Sound velocity measurements of CaSiO3 perovskite to 133 GPa and implications for lowermost mantle seismic anomalies

We report the measurements of aggregate shear velocity (VS) of CaSiO3 perovskite (CaPv) at high pressure (P) between 32 and 133 GPa and room temperature (T) on the basis of Brillouin spectroscopy. The sample had a tetragonal perovskite structure throughout the experiments. The measured P–VS data show the shear modulus and its pressure derivative at ambient condition to be G0=115.8 GPa and G'=1.20, respectively. The zero-pressure shear velocity is determined to be VS0=5.23 km/s, in good agreement with the previous estimate inferred from the ultrasonic measurements on Ca(Si,Ti)O3 perovskite at 1 bar. Our experimental results are broadly consistent with the earlier calculations on tetragonal CaPv but exhibit lower velocity at equivalent pressure. Such tetragonal CaPv is present in cold subducting slabs and possibly in wide areas of the lowermost mantle. While primitive mantle includes certain amount of CaPv, a depleted peridotite (former harzburgite) layer in subducted oceanic lithosphere is deficient in CaPv and enriched in ferropericlase in the lower mantle. Such harzburgite exhibits 0.9% faster VS and 0.7% slower bulk sound velocity (VΦ) at the lowermost mantle P–T conditions if CaPv is present in the tetragonal form in the surrounding mantle.

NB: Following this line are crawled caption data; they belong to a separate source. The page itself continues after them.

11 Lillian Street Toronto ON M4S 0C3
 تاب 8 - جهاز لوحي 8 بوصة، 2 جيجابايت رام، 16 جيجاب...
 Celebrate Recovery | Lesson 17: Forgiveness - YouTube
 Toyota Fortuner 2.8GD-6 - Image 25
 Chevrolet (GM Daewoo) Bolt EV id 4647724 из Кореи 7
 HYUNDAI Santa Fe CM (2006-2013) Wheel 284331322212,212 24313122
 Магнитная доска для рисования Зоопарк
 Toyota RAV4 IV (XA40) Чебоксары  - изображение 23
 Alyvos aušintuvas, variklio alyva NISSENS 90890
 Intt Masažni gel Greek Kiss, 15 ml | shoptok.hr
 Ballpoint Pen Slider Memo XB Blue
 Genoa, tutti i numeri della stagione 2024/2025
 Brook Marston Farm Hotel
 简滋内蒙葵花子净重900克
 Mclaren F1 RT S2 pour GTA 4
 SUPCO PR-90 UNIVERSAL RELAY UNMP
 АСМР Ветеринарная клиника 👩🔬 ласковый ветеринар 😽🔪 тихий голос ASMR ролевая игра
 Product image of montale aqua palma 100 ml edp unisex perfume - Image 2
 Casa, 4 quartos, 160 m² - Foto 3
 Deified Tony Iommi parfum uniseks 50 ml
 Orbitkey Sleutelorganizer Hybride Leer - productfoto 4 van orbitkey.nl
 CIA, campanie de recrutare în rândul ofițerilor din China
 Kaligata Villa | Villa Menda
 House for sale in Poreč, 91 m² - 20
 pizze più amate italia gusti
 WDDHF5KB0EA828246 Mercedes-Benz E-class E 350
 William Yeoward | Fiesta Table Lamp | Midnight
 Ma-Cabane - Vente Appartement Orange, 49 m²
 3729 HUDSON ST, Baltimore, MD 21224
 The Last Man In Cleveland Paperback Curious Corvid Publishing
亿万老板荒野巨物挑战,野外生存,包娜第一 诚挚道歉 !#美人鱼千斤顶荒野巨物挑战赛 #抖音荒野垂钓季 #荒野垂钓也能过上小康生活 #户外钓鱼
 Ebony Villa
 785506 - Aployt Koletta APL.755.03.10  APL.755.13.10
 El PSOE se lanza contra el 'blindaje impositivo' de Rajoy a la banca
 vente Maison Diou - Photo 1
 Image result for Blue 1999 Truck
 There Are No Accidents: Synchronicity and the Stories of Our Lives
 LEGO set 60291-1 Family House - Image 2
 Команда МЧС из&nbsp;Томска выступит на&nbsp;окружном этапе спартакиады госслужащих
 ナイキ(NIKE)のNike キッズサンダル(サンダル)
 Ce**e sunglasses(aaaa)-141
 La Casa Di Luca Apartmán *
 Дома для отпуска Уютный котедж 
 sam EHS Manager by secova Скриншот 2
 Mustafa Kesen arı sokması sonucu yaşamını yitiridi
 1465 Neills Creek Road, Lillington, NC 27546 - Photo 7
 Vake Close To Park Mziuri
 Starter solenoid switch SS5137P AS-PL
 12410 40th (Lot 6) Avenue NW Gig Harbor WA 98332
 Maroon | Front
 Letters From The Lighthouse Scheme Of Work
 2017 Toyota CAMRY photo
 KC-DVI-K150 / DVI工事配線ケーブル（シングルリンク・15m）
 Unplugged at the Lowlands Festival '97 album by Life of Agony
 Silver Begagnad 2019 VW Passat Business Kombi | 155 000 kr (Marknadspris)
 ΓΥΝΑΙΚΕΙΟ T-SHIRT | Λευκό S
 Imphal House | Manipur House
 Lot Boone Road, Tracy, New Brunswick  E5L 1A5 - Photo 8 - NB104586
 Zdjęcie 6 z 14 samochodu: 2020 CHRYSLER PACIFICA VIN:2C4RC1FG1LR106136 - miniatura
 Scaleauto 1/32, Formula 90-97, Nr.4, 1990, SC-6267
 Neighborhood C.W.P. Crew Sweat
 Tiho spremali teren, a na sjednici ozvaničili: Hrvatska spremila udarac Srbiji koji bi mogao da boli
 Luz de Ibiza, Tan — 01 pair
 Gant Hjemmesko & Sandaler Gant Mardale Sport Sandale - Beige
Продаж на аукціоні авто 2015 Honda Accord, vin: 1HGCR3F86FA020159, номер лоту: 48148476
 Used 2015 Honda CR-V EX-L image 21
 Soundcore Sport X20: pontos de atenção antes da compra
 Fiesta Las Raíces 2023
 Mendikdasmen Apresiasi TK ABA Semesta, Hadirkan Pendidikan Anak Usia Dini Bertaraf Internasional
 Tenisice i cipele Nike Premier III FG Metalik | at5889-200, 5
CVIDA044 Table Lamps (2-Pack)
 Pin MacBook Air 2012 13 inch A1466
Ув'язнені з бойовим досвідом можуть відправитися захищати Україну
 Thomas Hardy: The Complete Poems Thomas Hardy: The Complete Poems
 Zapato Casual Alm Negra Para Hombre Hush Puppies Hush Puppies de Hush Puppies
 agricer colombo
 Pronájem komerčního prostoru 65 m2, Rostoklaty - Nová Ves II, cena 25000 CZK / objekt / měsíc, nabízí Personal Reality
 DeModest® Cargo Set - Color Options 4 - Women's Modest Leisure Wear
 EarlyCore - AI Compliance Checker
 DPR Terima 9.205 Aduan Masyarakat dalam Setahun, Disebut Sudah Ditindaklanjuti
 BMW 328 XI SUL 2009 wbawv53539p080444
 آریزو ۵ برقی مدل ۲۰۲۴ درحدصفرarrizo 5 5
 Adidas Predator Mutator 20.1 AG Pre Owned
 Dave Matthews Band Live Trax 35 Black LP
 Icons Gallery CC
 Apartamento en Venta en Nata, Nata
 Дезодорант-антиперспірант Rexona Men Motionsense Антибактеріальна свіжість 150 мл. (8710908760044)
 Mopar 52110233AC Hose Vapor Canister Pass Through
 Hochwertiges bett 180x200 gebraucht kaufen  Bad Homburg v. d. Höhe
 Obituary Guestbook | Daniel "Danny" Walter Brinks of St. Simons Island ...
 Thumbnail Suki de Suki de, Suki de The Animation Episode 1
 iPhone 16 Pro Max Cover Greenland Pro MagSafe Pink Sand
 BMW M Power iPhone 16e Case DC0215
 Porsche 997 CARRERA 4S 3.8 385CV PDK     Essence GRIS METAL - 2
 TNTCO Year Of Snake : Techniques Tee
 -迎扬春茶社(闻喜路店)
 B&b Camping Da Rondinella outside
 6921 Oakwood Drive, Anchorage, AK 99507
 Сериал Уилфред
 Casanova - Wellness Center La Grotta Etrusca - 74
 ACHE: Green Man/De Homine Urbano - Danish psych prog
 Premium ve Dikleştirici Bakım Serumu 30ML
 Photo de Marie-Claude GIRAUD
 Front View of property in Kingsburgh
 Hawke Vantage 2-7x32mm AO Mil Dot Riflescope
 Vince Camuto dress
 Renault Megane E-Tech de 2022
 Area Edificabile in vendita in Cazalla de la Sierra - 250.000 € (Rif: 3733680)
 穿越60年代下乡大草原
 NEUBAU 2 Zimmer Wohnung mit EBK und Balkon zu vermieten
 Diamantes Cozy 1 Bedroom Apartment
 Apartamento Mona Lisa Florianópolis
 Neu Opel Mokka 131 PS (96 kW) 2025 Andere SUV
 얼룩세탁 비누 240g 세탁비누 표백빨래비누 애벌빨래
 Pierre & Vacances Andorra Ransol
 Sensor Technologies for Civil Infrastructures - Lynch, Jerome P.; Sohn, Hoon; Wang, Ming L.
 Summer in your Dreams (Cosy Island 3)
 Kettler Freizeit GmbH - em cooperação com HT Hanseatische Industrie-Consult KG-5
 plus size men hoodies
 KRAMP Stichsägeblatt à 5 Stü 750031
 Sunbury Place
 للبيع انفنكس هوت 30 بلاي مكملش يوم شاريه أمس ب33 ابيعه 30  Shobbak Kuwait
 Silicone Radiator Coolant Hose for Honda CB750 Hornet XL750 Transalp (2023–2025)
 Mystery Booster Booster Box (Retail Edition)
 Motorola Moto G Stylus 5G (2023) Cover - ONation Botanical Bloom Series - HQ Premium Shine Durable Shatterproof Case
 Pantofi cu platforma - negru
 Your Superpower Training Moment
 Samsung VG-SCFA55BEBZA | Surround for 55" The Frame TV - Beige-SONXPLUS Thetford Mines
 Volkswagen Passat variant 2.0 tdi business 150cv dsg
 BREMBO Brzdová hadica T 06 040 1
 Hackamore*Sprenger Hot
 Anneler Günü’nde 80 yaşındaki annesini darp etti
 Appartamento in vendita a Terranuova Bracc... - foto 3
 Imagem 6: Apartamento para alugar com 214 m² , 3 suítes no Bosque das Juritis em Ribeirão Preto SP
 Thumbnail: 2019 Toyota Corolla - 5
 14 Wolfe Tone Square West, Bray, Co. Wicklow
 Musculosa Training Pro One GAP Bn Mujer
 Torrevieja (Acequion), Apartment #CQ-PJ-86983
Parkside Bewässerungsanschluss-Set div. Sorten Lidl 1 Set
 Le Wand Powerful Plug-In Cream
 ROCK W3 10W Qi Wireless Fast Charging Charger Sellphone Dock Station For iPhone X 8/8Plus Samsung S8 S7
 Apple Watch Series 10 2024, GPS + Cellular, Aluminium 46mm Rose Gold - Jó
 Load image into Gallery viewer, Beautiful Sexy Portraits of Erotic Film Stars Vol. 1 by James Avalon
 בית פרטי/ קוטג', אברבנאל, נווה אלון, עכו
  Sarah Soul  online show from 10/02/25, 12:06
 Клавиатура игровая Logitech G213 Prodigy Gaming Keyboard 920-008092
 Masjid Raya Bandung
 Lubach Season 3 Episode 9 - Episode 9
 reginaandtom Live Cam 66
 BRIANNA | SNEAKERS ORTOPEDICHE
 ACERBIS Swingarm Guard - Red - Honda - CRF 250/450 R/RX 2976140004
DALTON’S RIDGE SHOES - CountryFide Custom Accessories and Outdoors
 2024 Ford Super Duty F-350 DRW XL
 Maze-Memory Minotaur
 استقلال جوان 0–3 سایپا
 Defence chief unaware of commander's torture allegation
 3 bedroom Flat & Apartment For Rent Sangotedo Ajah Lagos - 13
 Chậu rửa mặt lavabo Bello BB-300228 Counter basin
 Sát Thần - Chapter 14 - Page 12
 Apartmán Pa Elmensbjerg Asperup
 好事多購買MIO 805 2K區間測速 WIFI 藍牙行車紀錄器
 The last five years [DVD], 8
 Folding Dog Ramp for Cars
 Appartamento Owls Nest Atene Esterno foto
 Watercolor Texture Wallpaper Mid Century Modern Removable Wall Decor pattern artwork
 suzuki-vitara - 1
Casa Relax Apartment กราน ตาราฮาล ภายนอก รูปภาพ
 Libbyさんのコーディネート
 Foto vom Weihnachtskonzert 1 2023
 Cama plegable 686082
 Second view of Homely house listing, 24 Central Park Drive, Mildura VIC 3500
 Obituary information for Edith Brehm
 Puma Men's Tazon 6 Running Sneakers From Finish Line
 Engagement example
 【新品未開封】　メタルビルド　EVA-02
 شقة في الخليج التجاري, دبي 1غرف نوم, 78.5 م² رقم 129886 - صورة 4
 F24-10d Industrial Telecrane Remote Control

The observed fast VS and slow VΦ anomalies in the D” layer underneath the circum-Pacific region might be attributed in large part in the presence of subducted harzburgitic materials.

► We first measured sound velocities of CaSiO3 perovskite (CaPv) to 133 GPa.
► They are much slower than those of the other lower mantle phases.
► The results are generally in good agreement with the previous calculations.
► Subducted harzburgite may explain fast shear and slow bulk sound velocities anomalies in D”.